START RECORDS FOR THIS TASK

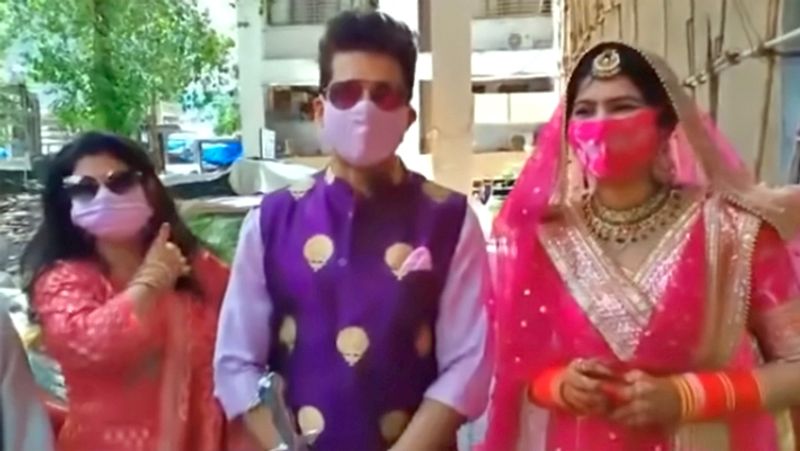 बता दें कि मनीष और संगीता पिछले दो साल से एक-दूजे को डेट कर रहे थे। मनीष और संगीता की लव स्टोरी टीवी सीरियल 'एक श्रृंगार : स्वाभिमान' से शुरू हुई थी। मनीष के मुताबिक, हम दोनों यहां मिले जरूर लेकिन तब ज्यादा बातचीत नहीं होती थी। फिर हम एक पार्टी में मिले, जहां हम अच्छे दोस्त बने।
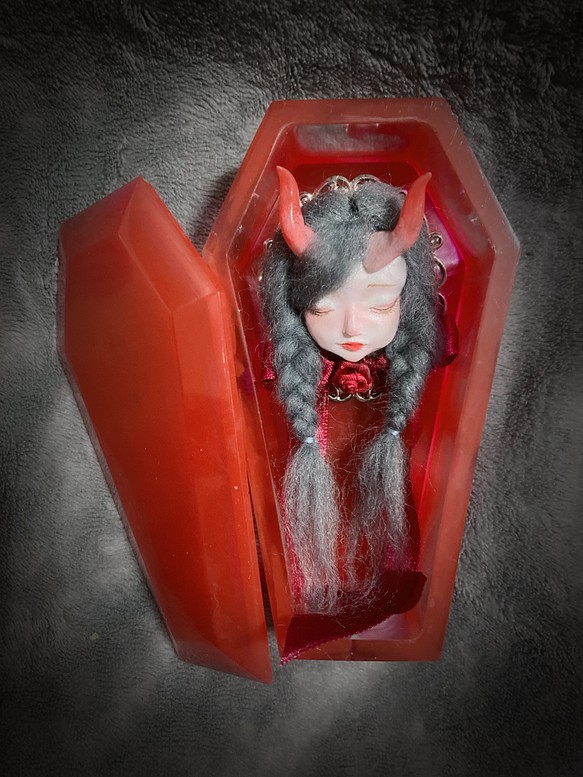 【沒川狼雨的屍體閣】紅色款 棺材造型 小物、飾品收納盒 吸血鬼的小床床 寵物棺材 第1張的照片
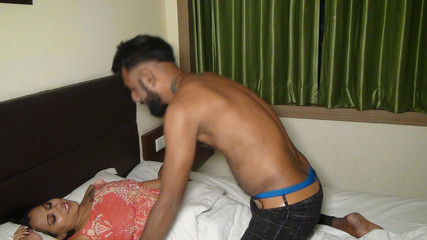 एक देसी जोड़े का देर रात का प्यार, शानदार टीना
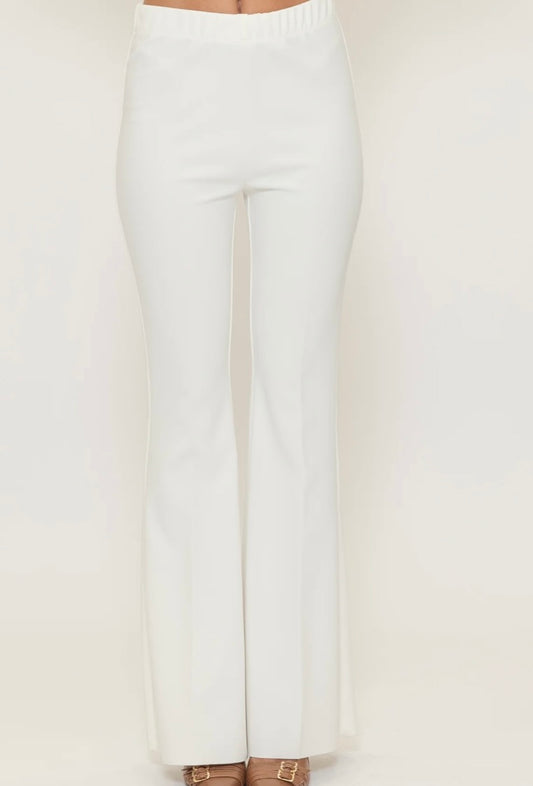 VICOLO PANTALONE A ZAMPA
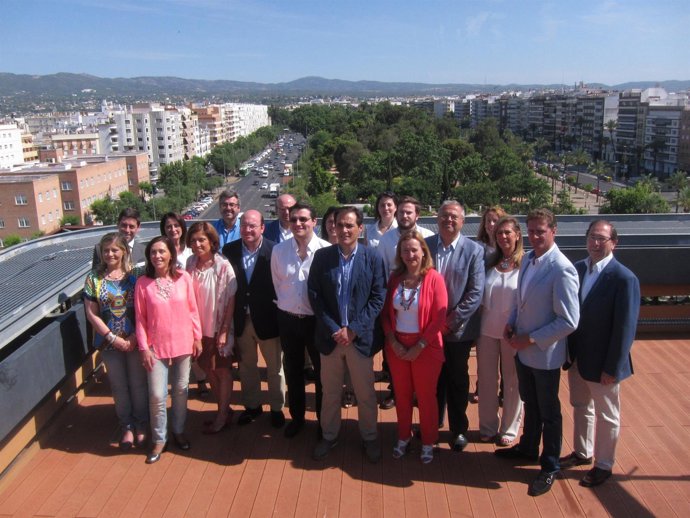 José Antonio Nieto con miembros de su candidatura en 2015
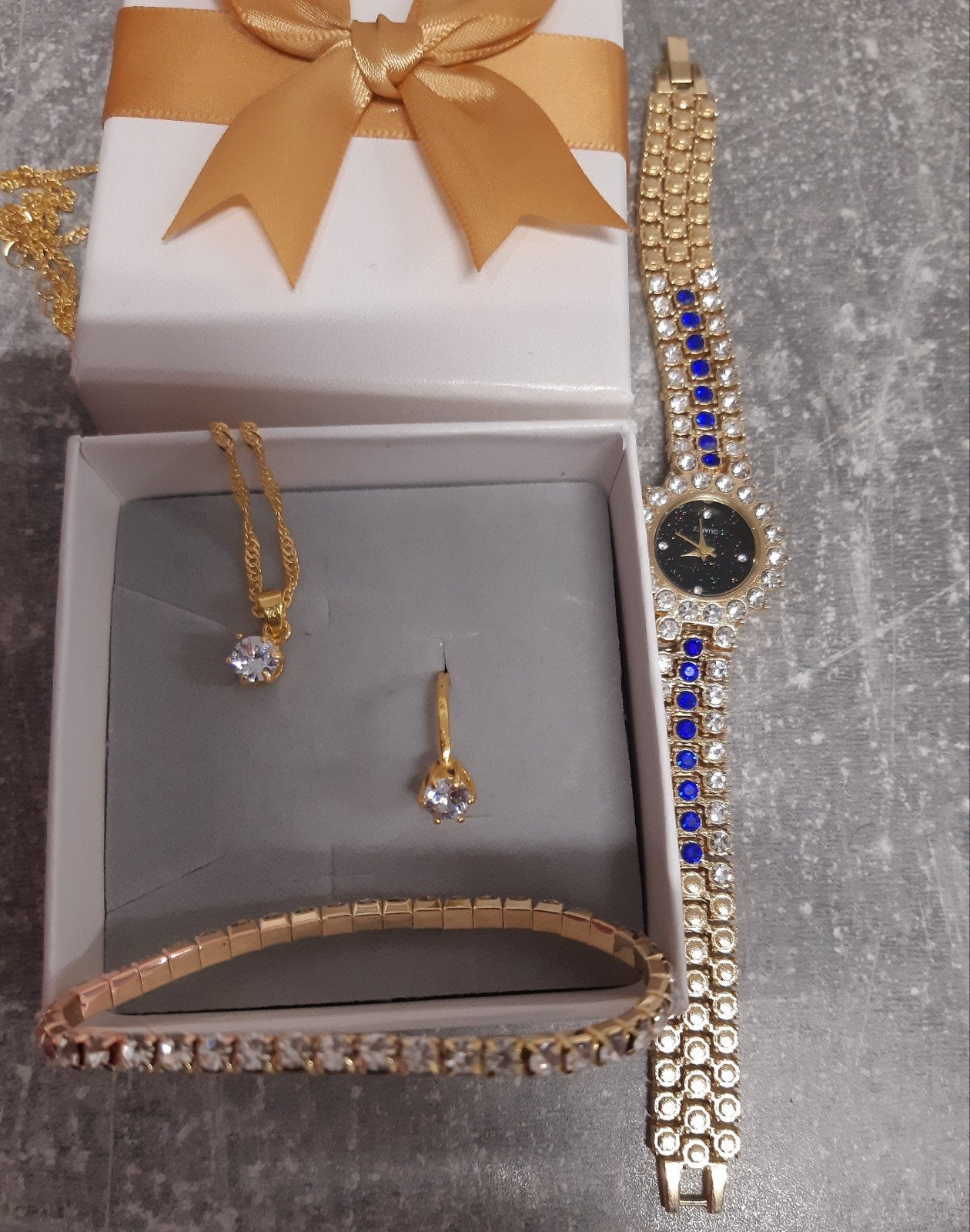 dames horloge/kettingen, 20 of groter, Nieuw, Ophalen of Verzenden, Dame
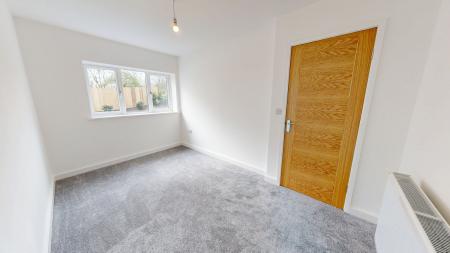 2 bedroom Detached bungalow for sale in Stratheden Road, Bradeley, Stoke-on-Trent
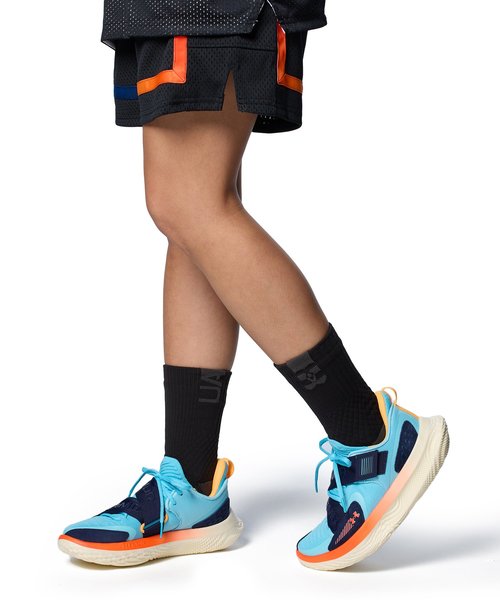 UAt[ t[`[X4 G[g24ioXPbg{[/UNISEXj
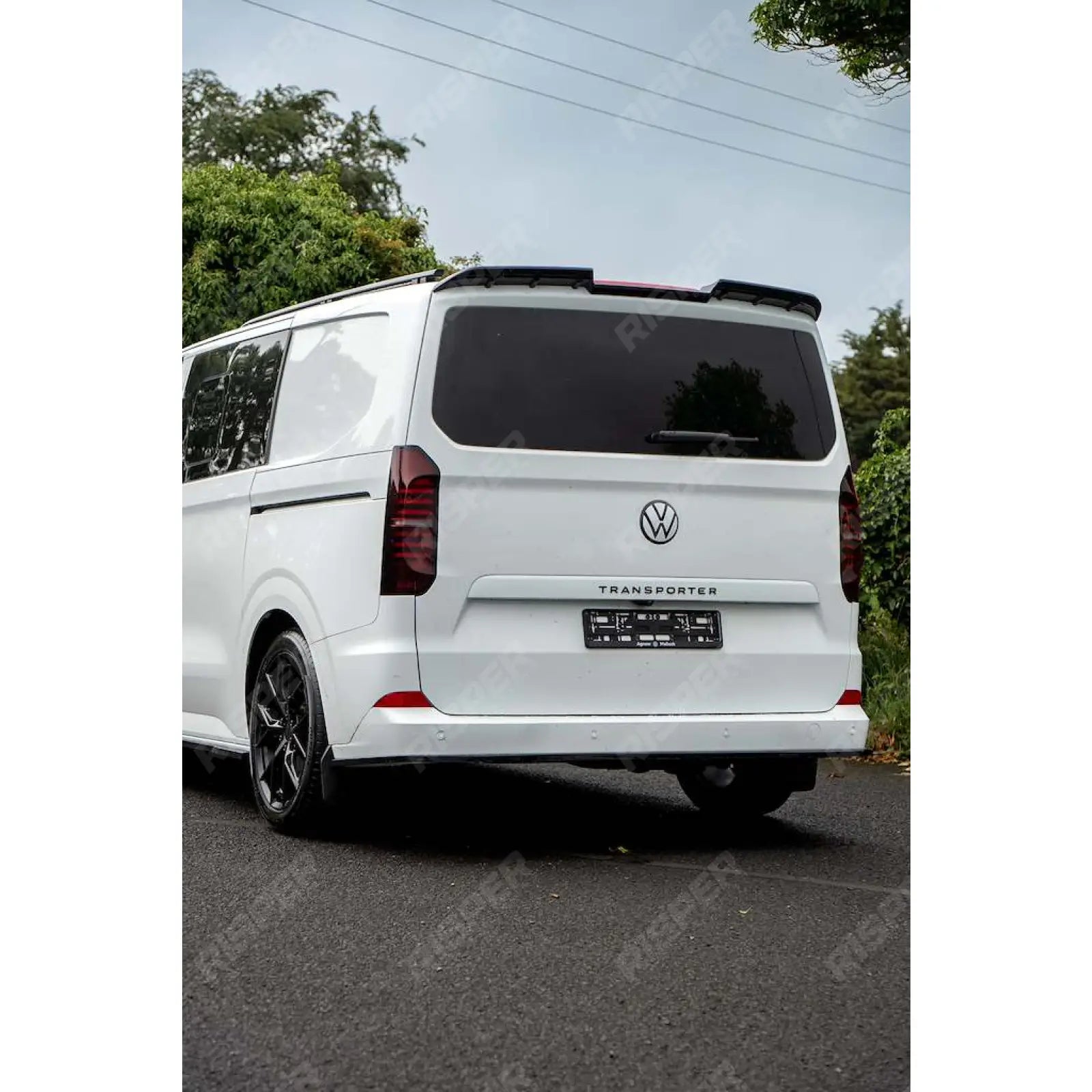 Premium Aero Kit In Gloss Black For Volkswagen Transporter T7 SWB TAILGATE 2025 on - Aero Kit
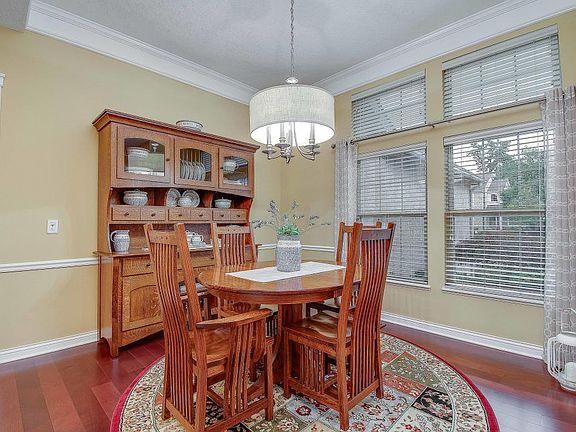 4th image of 5021 Shoreside Dr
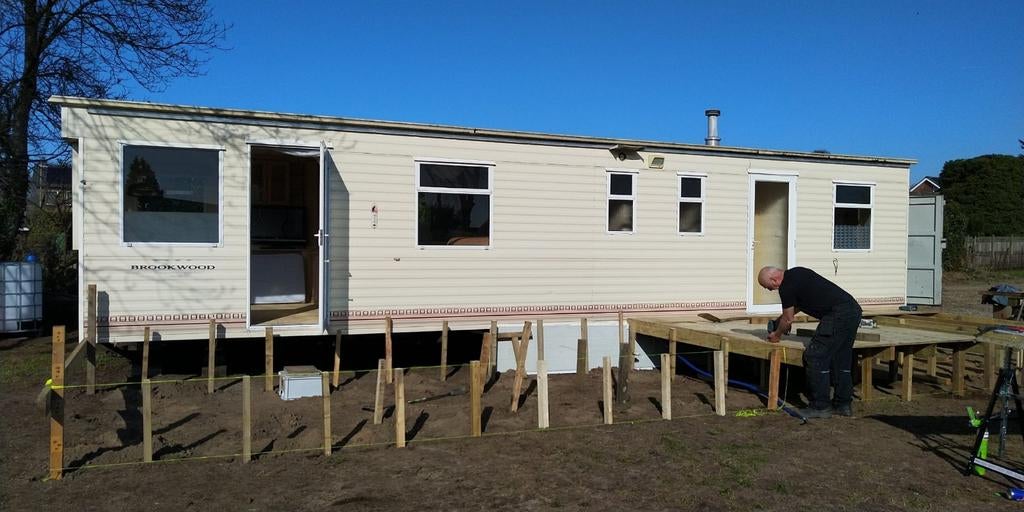 Brookwood Bluebird Sta-caravan + Bouw container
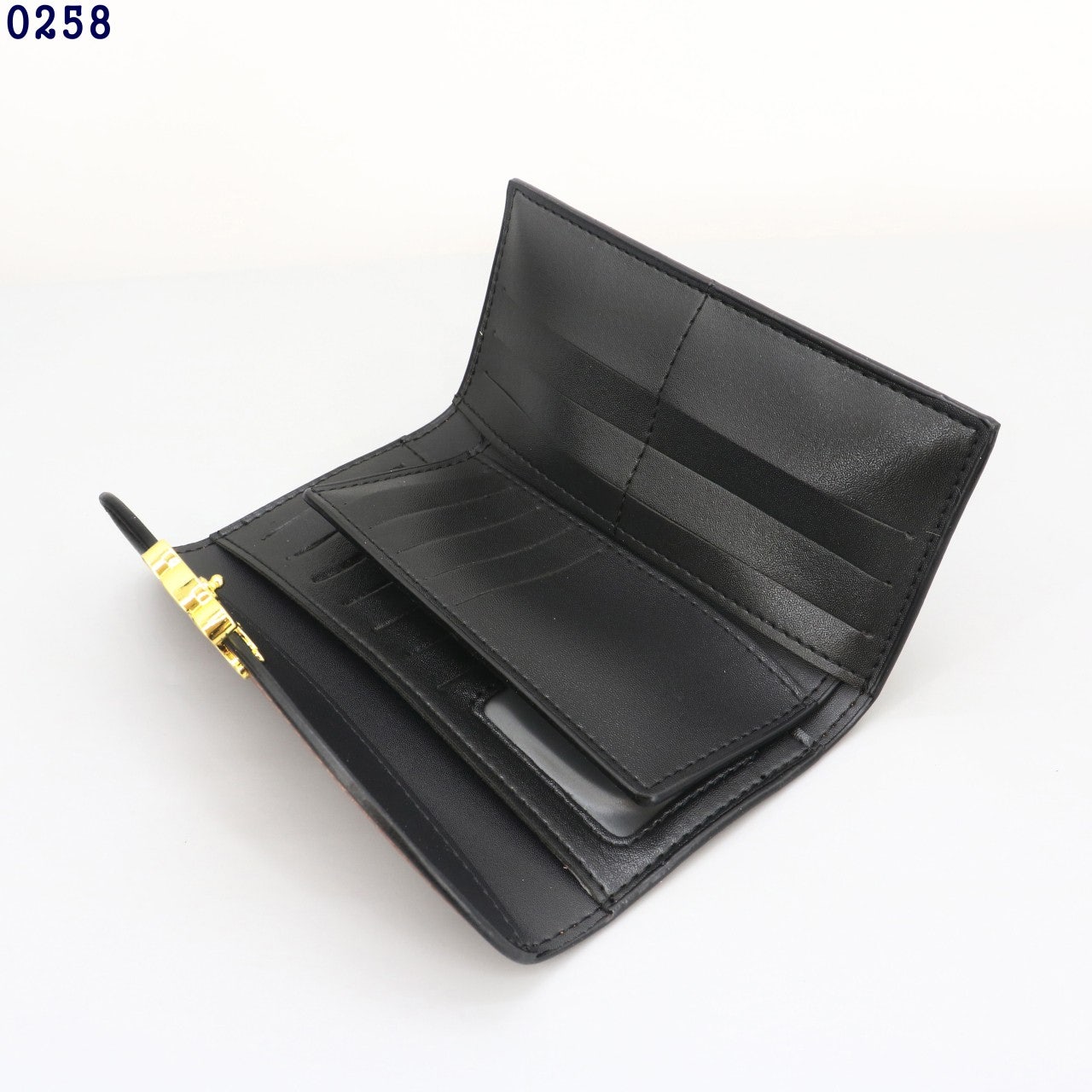 4_ec8Ud018svc9s5mkwtyjcxj_t0fqei.jpg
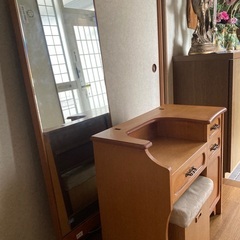 ドレッサー　ナラ材の画像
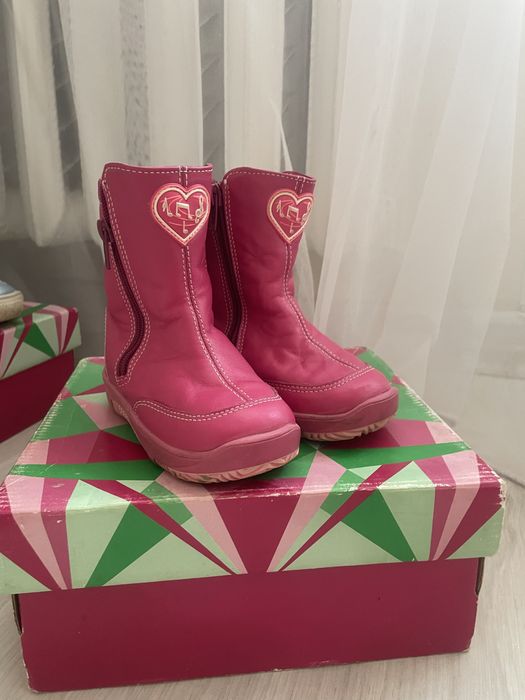 Продам детские ботинки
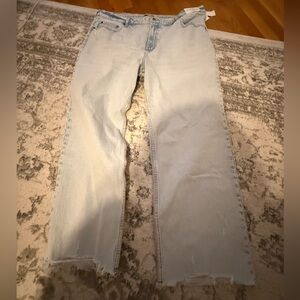 90s relaxed, Abercrombie, jeans, light wash, straight leg, distressed hem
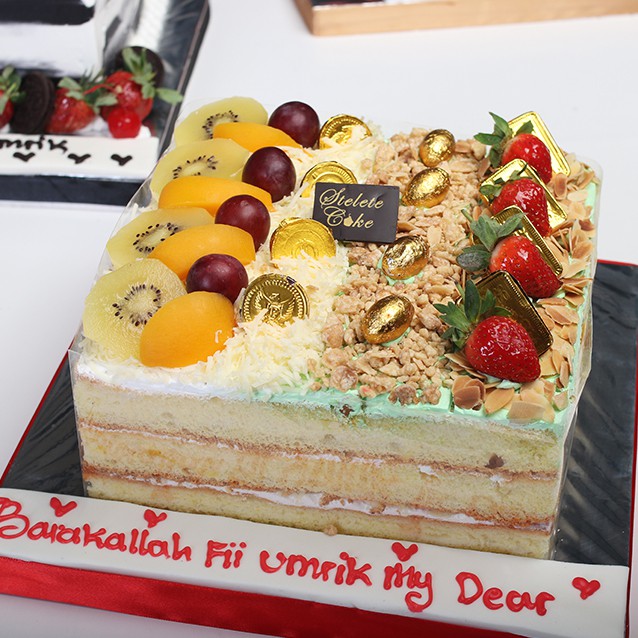

Kue Ulang Tahun / Birthday Cake 20 x 20 cm / Fruit Cake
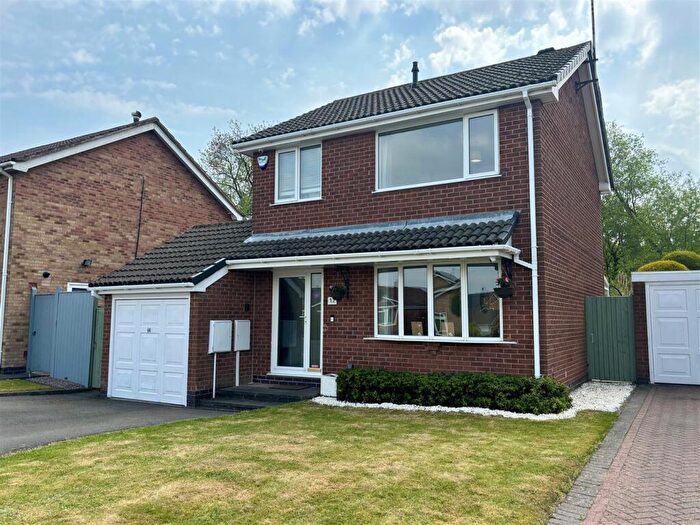 3 Bedroom Detached House For Sale In Blackthorn Road, Glenfield, Leicester, LE3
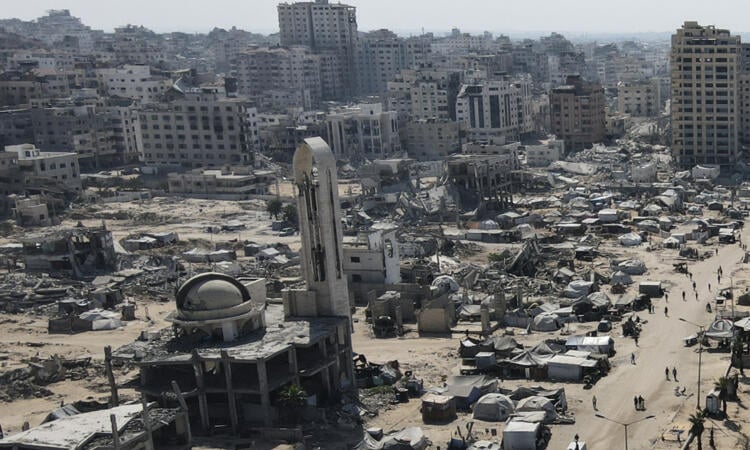 Trump warns Hamas not to breach Gaza deal as Vance heads to Israel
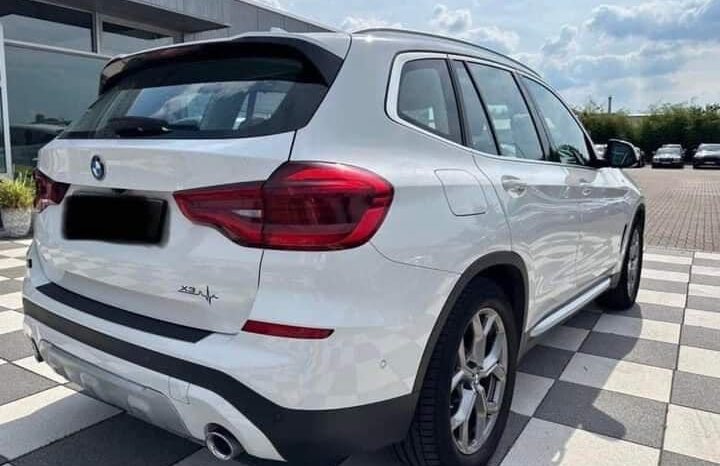 
								BMW X3 xDrive full									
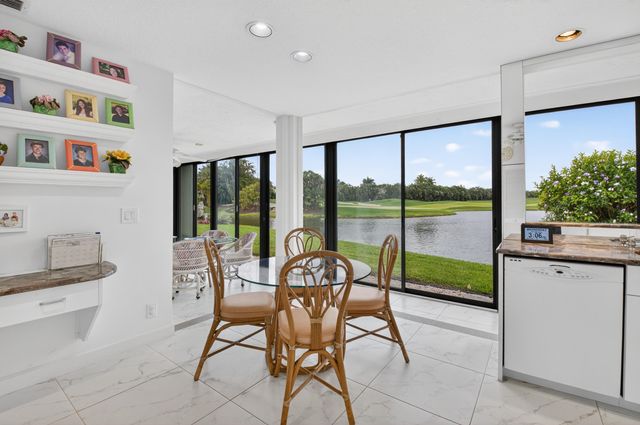 19620 Sawgrass Circle 2802, Boca Raton, FL 33434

END RECORDS FOR THIS TASK

INSTRUCTIONS TO FOLLOW
Exact copy, no pictures: please print every record above as written.

WRITTEN RESPONSE
 बता दें कि मनीष और संगीता पिछले दो साल से एक-दूजे को डेट कर रहे थे। मनीष और संगीता की लव स्टोरी टीवी सीरियल 'एक श्रृंगार : स्वाभिमान' से शुरू हुई थी। मनीष के मुताबिक, हम दोनों यहां मिले जरूर लेकिन तब ज्यादा बातचीत नहीं होती थी। फिर हम एक पार्टी में मिले, जहां हम अच्छे दोस्त बने।
 【沒川狼雨的屍體閣】紅色款 棺材造型 小物、飾品收納盒 吸血鬼的小床床 寵物棺材 第1張的照片
 एक देसी जोड़े का देर रात का प्यार, शानदार टीना
 VICOLO PANTALONE A ZAMPA
 José Antonio Nieto con miembros de su candidatura en 2015
 dames horloge/kettingen, 20 of groter, Nieuw, Ophalen of Verzenden, Dame
 2 bedroom Detached bungalow for sale in Stratheden Road, Bradeley, Stoke-on-Trent
 UAt[ t[`[X4 G[g24ioXPbg{[/UNISEXj
 Premium Aero Kit In Gloss Black For Volkswagen Transporter T7 SWB TAILGATE 2025 on - Aero Kit
 4th image of 5021 Shoreside Dr
 Brookwood Bluebird Sta-caravan + Bouw container
 4_ec8Ud018svc9s5mkwtyjcxj_t0fqei.jpg
 ドレッサー　ナラ材の画像
 Продам детские ботинки
 90s relaxed, Abercrombie, jeans, light wash, straight leg, distressed hem

Kue Ulang Tahun / Birthday Cake 20 x 20 cm / Fruit Cake
 3 Bedroom Detached House For Sale In Blackthorn Road, Glenfield, Leicester, LE3
 Trump warns Hamas not to breach Gaza deal as Vance heads to Israel
								BMW X3 xDrive full									
 19620 Sawgrass Circle 2802, Boca Raton, FL 33434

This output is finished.